(Beginning of RECORDS FOR THE EXERCISE)
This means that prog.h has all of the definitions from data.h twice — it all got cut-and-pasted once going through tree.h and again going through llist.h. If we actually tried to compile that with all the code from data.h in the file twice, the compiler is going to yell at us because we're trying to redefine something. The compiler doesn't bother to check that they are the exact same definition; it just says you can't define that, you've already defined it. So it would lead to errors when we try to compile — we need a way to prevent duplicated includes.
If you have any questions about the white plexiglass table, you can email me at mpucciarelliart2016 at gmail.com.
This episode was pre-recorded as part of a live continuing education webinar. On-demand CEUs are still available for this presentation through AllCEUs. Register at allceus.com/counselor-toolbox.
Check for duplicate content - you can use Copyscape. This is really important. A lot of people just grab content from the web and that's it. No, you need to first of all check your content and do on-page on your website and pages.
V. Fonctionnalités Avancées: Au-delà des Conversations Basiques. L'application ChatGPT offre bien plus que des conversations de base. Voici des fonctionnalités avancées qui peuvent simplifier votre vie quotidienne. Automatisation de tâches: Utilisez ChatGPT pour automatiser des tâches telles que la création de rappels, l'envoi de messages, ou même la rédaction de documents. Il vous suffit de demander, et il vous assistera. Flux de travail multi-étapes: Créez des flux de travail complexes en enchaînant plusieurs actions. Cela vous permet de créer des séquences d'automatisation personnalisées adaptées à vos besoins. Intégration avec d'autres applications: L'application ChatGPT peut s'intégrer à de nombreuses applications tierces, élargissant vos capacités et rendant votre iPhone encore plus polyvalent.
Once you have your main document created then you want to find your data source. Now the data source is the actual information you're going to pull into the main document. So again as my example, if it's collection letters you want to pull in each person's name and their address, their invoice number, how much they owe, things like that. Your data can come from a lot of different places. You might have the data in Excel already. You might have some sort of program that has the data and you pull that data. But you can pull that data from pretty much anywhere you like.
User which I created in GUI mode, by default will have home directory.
(End of RECORDS FOR THE EXERCISE)
TASK PROMPT:
What must be returned is the line with "Check for duplicate" plus every line after it to the end of the entries, exactly as they appear.

REPLY TO THE EXERCISE:
Check for duplicate content - you can use Copyscape. This is really important. A lot of people just grab content from the web and that's it. No, you need to first of all check your content and do on-page on your website and pages.
V. Fonctionnalités Avancées: Au-delà des Conversations Basiques. L'application ChatGPT offre bien plus que des conversations de base. Voici des fonctionnalités avancées qui peuvent simplifier votre vie quotidienne. Automatisation de tâches: Utilisez ChatGPT pour automatiser des tâches telles que la création de rappels, l'envoi de messages, ou même la rédaction de documents. Il vous suffit de demander, et il vous assistera. Flux de travail multi-étapes: Créez des flux de travail complexes en enchaînant plusieurs actions. Cela vous permet de créer des séquences d'automatisation personnalisées adaptées à vos besoins. Intégration avec d'autres applications: L'application ChatGPT peut s'intégrer à de nombreuses applications tierces, élargissant vos capacités et rendant votre iPhone encore plus polyvalent.
Once you have your main document created then you want to find your data source. Now the data source is the actual information you're going to pull into the main document. So again as my example, if it's collection letters you want to pull in each person's name and their address, their invoice number, how much they owe, things like that. Your data can come from a lot of different places. You might have the data in Excel already. You might have some sort of program that has the data and you pull that data. But you can pull that data from pretty much anywhere you like.
User which I created in GUI mode, by default will have home directory.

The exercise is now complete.